Feb. 21, 1940 · Illinois Supreme Court · No. 25353
373 Ill. 155

(No. 25353.

Frank Pugaez, Appellant, vs. Sylvester Babeno et al. Appellees.

Opinion filed February 21, 1940.

A. J. PikiEl, for appellant.

John F. O’Toole, and Mitchell Kilanowsici, for appellees.

Mr. Justice Stone

delivered the opinion of the court:

Appellant filed a complaint in the superior court of Cook county praying that certain deeds be set aside, for partition and an accounting. He has taken this appeal from the decree entered. His complaint alleged that he and appellee Sylvester Babeno, in the month of February, 1927, acquired title to the real estate involved, a small apartment building, as tenants in common, in proportion to their contribution to the purchase price. Appellant supplied $6916 and Babeno $3949. It was agreed that their interests in the property were to be in proportion to their contributions to the purchase price.

*156On July 3, 1931, Babeno and his wife conveyed his interest to one Leon Kozlow, who, on the same day, reconveyed the same to Sylvester Babeno and Pelagia, his wife, as joint tenants. In 1935, appellant joined with his co-owners in the execution of a deed, dated May 24, 1935, conveying the title to all this property to one Scheffler. About the same time a letter of direction was written to Scheffler, which appears to have been signed by all the parties, including appellant, directing Scheffler to convey the title to the property as follows: An undivided one-half in joint tenancy to appellant and Lillie Babeno, daughter of Sylvester and Pelagia Babeno. The other undivided one-half in joint tenancy to Sylvester Babeno, his wife, and John Babeno, their son. This property had been mortgaged and appellant joined with the co-owners in the execution of an extension agreement relating to that mortgage. Scheffler made the conveyance by two deeds pursuant to the directions given him in the letter.

Appellant, in his complaint, alleged that his participation in the conveyance and the letter to Scheffler was had as result of false and fraudulent representations made by Sylvester and Pelagia Babeno concerning the character of the instruments. Appellant is unable to read and write English and received no consideration for joining in the execution of the deed conveying the real estate to Scheffler or the letter directing him to reconvey the property to the parties in the manner which was done. The complaint alleges, and he testified, that the representation made by the Babenos to him, was that he, appellant, was signing papers necessary to renew or extend the mortgage and that he did not discover that he had conveyed his title until two years later. His complaint prayed that the deeds to and from Scheffler be set aside and that his title to the property, as held prior to the execution of said deeds, be restored to him; that an accounting be had of rentals received and moneys expended, and that a partition of the property be had. According to *157his complaint and the proof in the case, he had paid the sum of $500 on the mortgage, for which he asked to be credited in the accounting.
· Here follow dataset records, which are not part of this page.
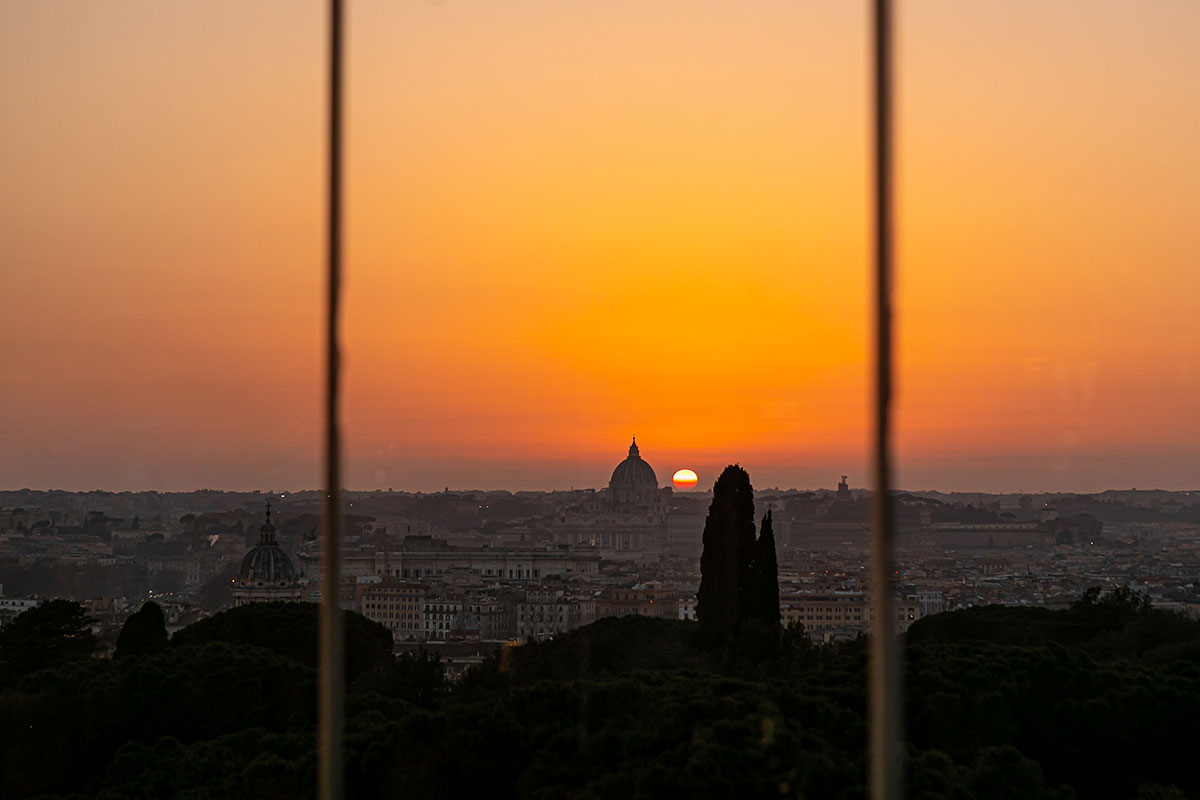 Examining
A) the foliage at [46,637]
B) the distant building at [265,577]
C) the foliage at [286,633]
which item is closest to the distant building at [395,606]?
the distant building at [265,577]

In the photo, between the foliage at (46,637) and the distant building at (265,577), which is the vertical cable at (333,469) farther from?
the foliage at (46,637)

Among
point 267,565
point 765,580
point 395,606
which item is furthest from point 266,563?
point 765,580

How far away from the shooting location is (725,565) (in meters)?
10.4

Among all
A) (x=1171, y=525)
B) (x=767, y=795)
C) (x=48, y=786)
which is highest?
(x=1171, y=525)

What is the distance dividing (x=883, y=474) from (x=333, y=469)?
2.82 feet

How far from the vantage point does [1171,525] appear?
6637 millimetres

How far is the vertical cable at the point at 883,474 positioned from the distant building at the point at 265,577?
28.2ft

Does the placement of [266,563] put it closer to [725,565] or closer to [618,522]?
[725,565]

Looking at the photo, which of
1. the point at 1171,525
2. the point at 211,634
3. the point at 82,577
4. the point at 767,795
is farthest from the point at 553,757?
the point at 82,577

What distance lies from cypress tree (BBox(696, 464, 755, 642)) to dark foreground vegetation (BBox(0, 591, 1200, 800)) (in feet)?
5.60

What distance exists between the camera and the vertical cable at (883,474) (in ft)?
5.11

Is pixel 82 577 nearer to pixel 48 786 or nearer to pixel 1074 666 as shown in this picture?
pixel 48 786

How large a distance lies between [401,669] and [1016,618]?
423cm

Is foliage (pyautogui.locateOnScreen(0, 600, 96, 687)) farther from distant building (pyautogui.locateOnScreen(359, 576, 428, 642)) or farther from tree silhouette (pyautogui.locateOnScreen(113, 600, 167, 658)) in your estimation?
distant building (pyautogui.locateOnScreen(359, 576, 428, 642))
The answer of the Babenos does not deny the allegations of the complaint that the title was originally taken as therein alleged, but denies fraud and alleges that the conveyances were as a result of an agreement between the parties; that the consideration for appellant’s conveyance was the advancement of some $800 by Tillie Babeno for the benefit of the real estate, and that appellant understood and consented to the transaction. The answer joins in the prayer for partition but seeks partition on the basis of the interest shown by the Scheffler deed and not as vested in the parties prior thereto. Scheffler and his wife answered disclaiming any interest in the real estate and alleging that his acts in the matter were in accordance with the letter of agreement that was given him.

The disputed facts surround the charge of fraudulent representations made by Sylvester and Pelagia Babeno to secure the deed by which it appears their interest in the property was increased from the proportion shown by the purchase price contributed, which was but little over one-third, to one-half. There is nothing in the record to indicate any consideration paid by them to appellant for this additional interest.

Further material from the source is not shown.